The CFPB, together with the FTC, has filed an amicus brief in Franklin v. Parking Revenue Recovery Services, Inc., an FDCPA case pending in the Seventh Circuit. The CFPB joined the brief at the request of the FTC, which had been asked by the court to address the question of whether an unpaid parking fee, consisting of a $1.50 daily parking fee and a $45 nonpayment fee, is a “debt” within the meaning of the FDCPA.
The FDCPA defines a “debt” as “any obligation…of a consumer to pay money arising out of a [consumer purpose] transaction.” In their motion for summary judgment, the defendants argued that the $46.50 charge was a “fine” much like a parking ticket rather than a debt subject to the FDCPA. In response, the plaintiffs argued that parking in the lot was a transaction and the $45 nonpayment fee was a late fee arising out of the underlying transaction.
The district court agreed with the defendants that the $46.50 charge was a “fine” and therefore did not result from a consensual transaction. Accordingly, the district court granted the defendants’ motion for summary judgment.

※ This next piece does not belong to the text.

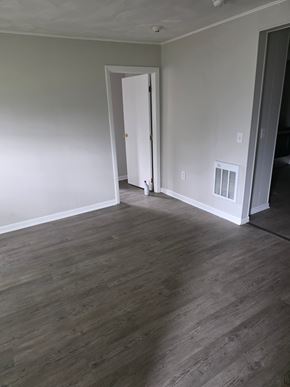 Burrillville apartment for rent - A room with a white door and wood flooring.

In their brief, the CFPB and FTC argue that a “transaction” under the FDCPA resulted when the plaintiffs used the parking services offered to the public in exchange for a stated fee. They assert that these circumstances demonstrated a mutual agreement to engage in a transaction in which services were exchanged for the plaintiffs’ implicit promise to pay. They also argue that the district court misapplied judicial precedent and FTC staff guidance in describing the money owed by the plaintiffs as a “fine” because a fine does not typically arise from a mutual agreement between the parties. According to the FTC and CFPB, none of the examples of monetary obligations discussed in the FTC FDCPA Commentary (fines, alimony, taxes and tort claims) “are tied to quid-pro-quo exchanges of money for service” and therefore do not result from a “transaction.”